La saluto e la ringrazio per il tempo che mi ha dedicato mentre io finivo caffè e cannolo. Le auguro buona fortuna per i suoi progetti. Quando passerò da Arthur Avenue, tornerò di sicuro a trovarla.

CASSETTI

Riprendo il mio cammino, attraversando alcune di quelle strade che non fanno davvero venire voglia di venire nel Bronx. Ma che ormai, però, rappresentano pure loro la mia New York più familiare. Fatta di modesti negozi di alimentari, odore di fritto che arriva dalle tavole calde, topi che si nascondano tra i sacchi dei rifiuti, treni della metro che corrono sulla testa e si intromettono tra la musica che hai nelle orecchie.

Parlando di sogni con questa giovane donna ad Arthur Avenue mi è venuta in mente un’altra mia amica, anche lei toscana. Un giorno di parecchi anni fa, mentre viaggiavamo entrambi verso Roma, mi disse che il suo sogno nel cassetto era quello di diventare magistrato. Con la stessa presunzione che possedevo già all’epoca, e che a New York ha trovato solo un palcoscenico internazionale per i più talentosi del genere, le chiesi se fosse sicura di non aver sbagliato cassetto. Non mi mandò a quel paese solo per educazione.

Ecco.
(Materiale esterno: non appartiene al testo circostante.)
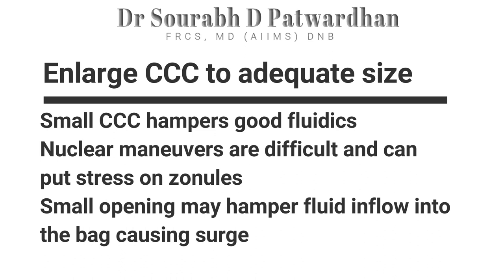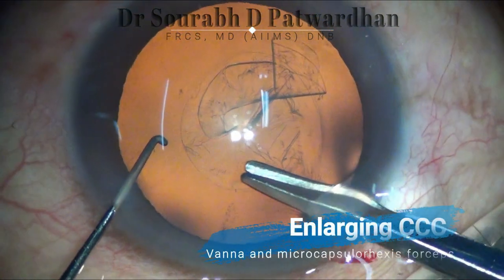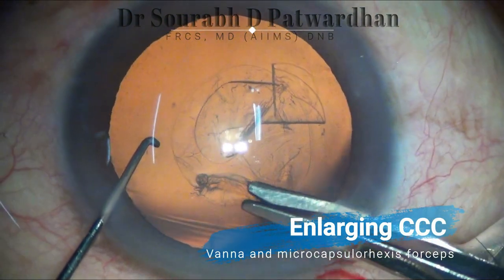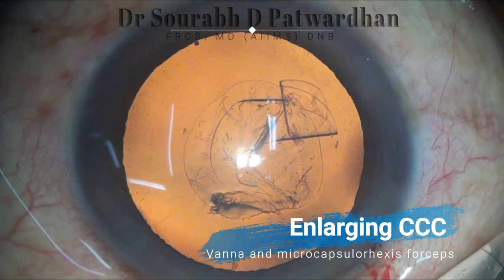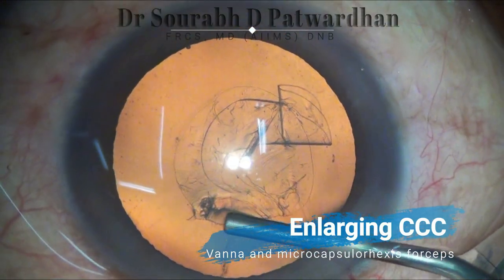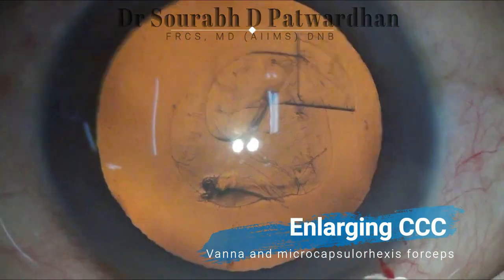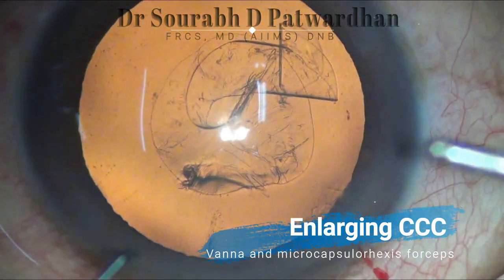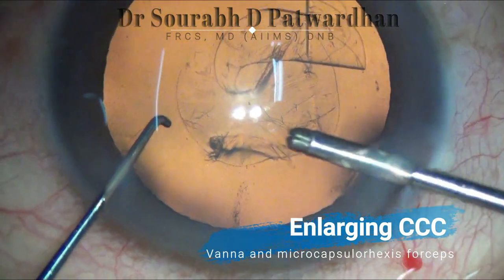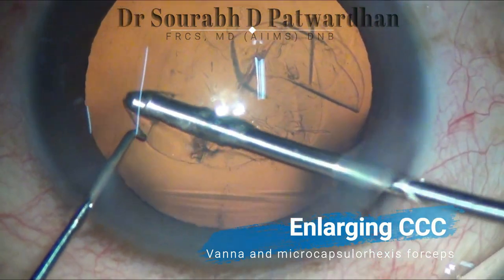The nuclear maneuvers are difficult and can put stress on zonules. How to enlarge the CCC? It is very simple. You can use either Vannas or microcapsulorrhexis scissors and make a tangential nick. Always try to make a tangential cut rather than radial, and then use viscoelastic to lift the tiny flap and use microcapsulorrhexis forceps to hold this tiny flap and enlarge the capsulorrhexis to the desired size. This is a very important maneuver which everyone must learn.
Io non so nemmeno lontanamente quale sia il vero sogno di Selvaggia, quello più intimo e segreto. Ero solo un cliente in pasticceria, non certo la persona con cui confidarsi. E non so se e quando Selvaggia tornerà in Italia, nella sua Firenze. Ma spero per lei che non lasci cadere nel vuoto l’idea della fotografia. Magari non sarà quella di scena, o forse si, vai a sapere. Io sono solo un newyorchese presuntuoso. E sento che nelle sue parole, anche dietro quel tono modesto, c’era però qualcosa, che è lì immobile, in attesa di poter venire fuori.
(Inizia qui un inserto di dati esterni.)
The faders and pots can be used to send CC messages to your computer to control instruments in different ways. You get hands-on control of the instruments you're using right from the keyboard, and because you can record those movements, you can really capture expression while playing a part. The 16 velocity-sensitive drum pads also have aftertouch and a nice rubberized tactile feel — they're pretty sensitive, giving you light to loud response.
La mia amica toscana, alla fine, non è diventata un magistrato, anche se professionalmente è rimasta nel mondo della legge. E io sono contento per lei. Lo sono ancora di più quando vedo le fotografie delle sue imprese in bicicletta, su per i monti più sperduti di mezza Italia. Sorrido tra me e me, pensando che alla fine ha trovato il suo cassetto. E io lo sapevo che ci sarebbe riuscita.

Non avevo dubbi. Perché anche in quel lontano 1999, pur vivendo a Torino e facendo la spola con Roma, ero già un newyorchese maledettamente presuntuoso, sbruffone e spaccone. Ma non lo sapevo ancora.